* **What you have to do**
Starting at the first line and ending at the last, reproduce the records below exactly.

* **Provided information**
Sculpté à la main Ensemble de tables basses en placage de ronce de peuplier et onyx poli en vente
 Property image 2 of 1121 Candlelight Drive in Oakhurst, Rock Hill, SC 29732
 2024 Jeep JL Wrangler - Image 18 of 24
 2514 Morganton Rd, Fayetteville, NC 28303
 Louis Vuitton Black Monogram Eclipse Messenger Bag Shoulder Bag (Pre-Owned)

* **Solution for this exercise**
Sculpté à la main Ensemble de tables basses en placage de ronce de peuplier et onyx poli en vente
 Property image 2 of 1121 Candlelight Drive in Oakhurst, Rock Hill, SC 29732
 2024 Jeep JL Wrangler - Image 18 of 24
 2514 Morganton Rd, Fayetteville, NC 28303
 Louis Vuitton Black Monogram Eclipse Messenger Bag Shoulder Bag (Pre-Owned)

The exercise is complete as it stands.